_Exercise goal_. Output every entry below exactly, without its pictures.

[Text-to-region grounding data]
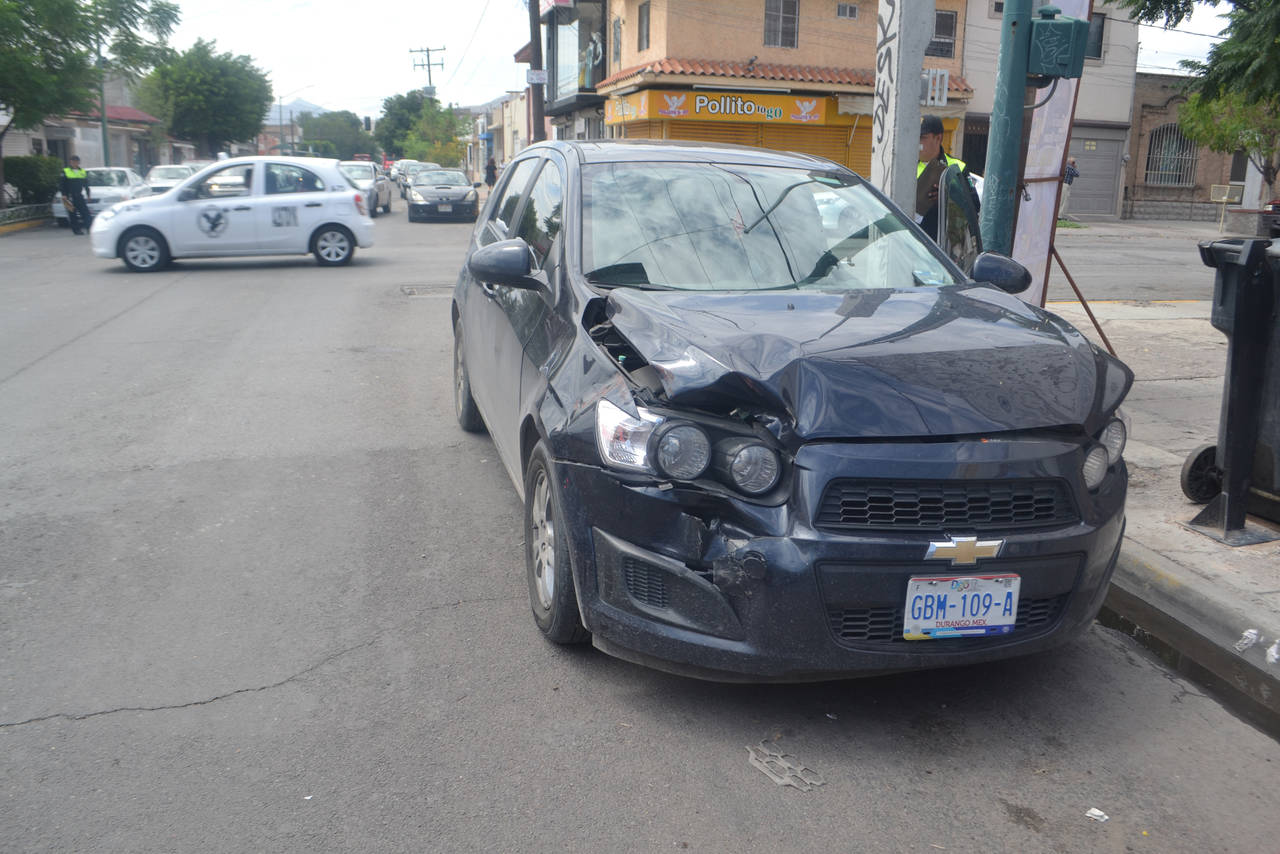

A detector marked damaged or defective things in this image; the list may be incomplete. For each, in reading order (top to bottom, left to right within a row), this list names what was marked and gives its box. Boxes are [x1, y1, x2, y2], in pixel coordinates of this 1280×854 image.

damaged chevrolet sonic [450, 139, 1128, 684]
crumpled front hood [600, 290, 1128, 442]
dented bumper [556, 438, 1128, 680]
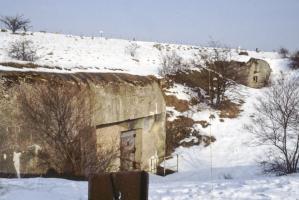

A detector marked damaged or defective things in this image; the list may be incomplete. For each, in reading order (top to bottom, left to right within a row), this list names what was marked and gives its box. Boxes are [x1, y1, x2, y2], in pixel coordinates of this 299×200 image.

rusty metal door [120, 130, 137, 171]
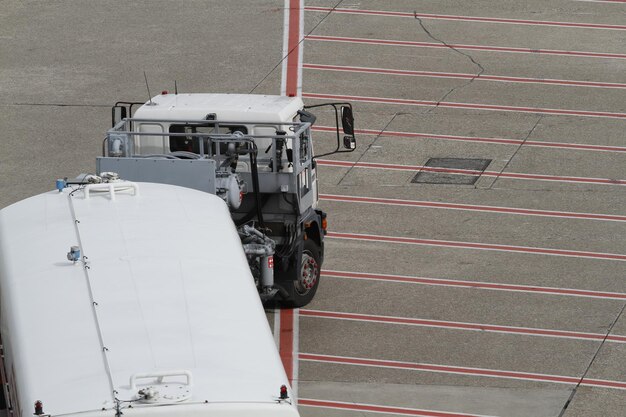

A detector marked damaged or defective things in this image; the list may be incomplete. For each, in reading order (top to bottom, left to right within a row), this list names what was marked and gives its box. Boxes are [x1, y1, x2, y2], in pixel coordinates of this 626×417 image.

crack in concrete [414, 13, 482, 113]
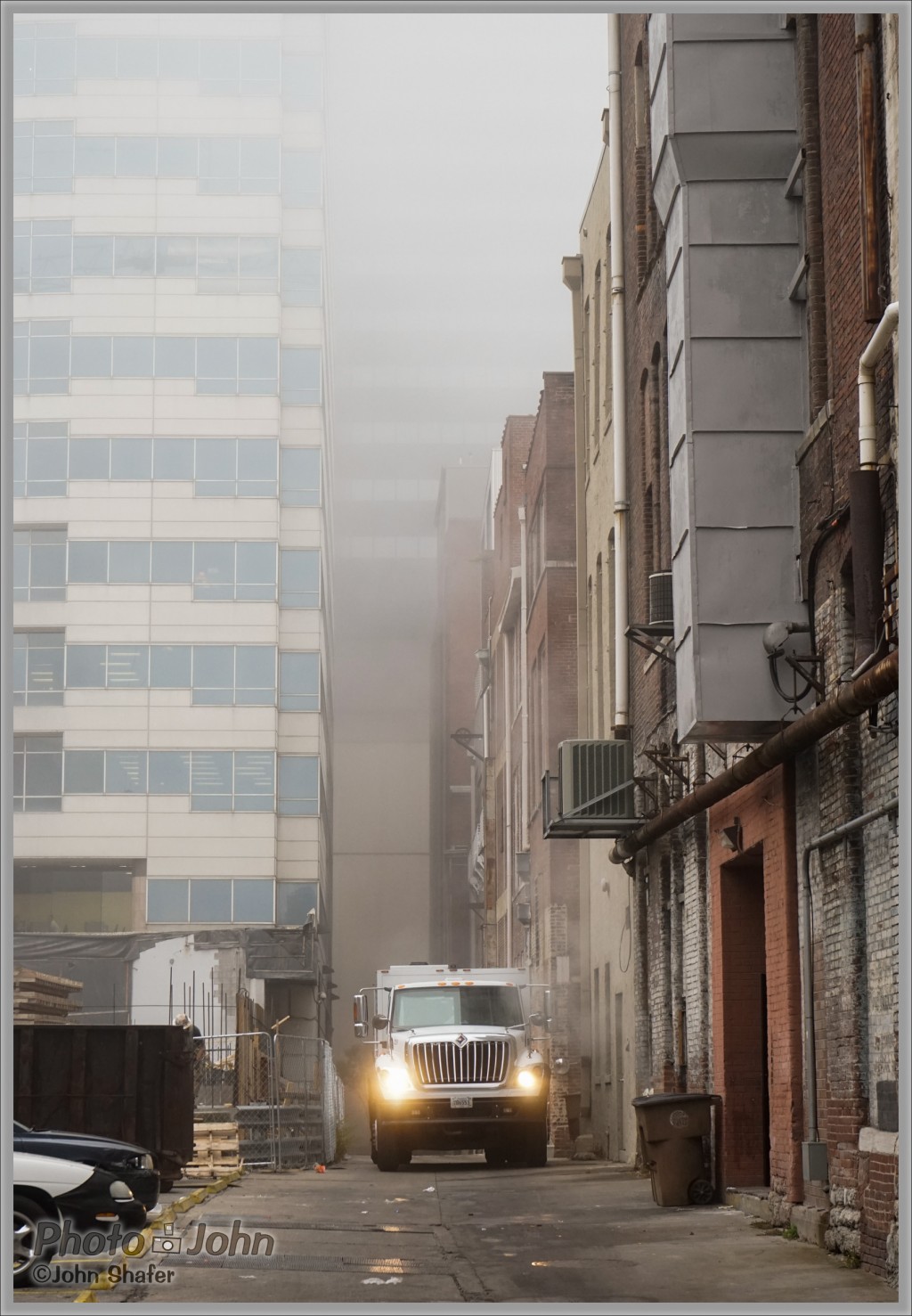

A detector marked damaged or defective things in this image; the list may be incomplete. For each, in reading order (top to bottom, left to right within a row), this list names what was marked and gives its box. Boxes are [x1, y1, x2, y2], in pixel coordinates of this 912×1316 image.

rusty pipe [607, 647, 900, 862]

_Solution to this exercise_.
A detector marked damaged or defective things in this image; the list may be incomplete. For each, in reading order (top to bottom, left to right within a row), this list names what was marked and gives its box. Boxes are [x1, y1, x2, y2], in pixel coordinates of this 1280×854 image.

damaged chevrolet sonic [450, 139, 1128, 684]
crumpled front hood [600, 290, 1128, 442]
dented bumper [556, 438, 1128, 680]

A detector marked damaged or defective things in this image; the list may be incomplete. For each, in reading order (top to bottom, left to right within a row), this list names what was marked and gives its box. Boxes are [x1, y1, x2, y2], in pixel coordinates of this 299×200 image.

rusty metal door [120, 130, 137, 171]

A detector marked damaged or defective things in this image; the list may be incomplete. For each, in reading order (top to bottom, left to right within a row), this list names what was marked and gives its box. Boxes are [x1, y1, x2, y2], in pixel coordinates of this 626×417 image.

crack in concrete [414, 13, 482, 113]

A detector marked damaged or defective things in this image; the list may be incomplete. For each, in reading order (top to bottom, left to right within a row), this list names what was marked and gives its box. Boxes are [x1, y1, x2, y2], in pixel coordinates of this 912×1316 image.

rusty pipe [607, 647, 900, 862]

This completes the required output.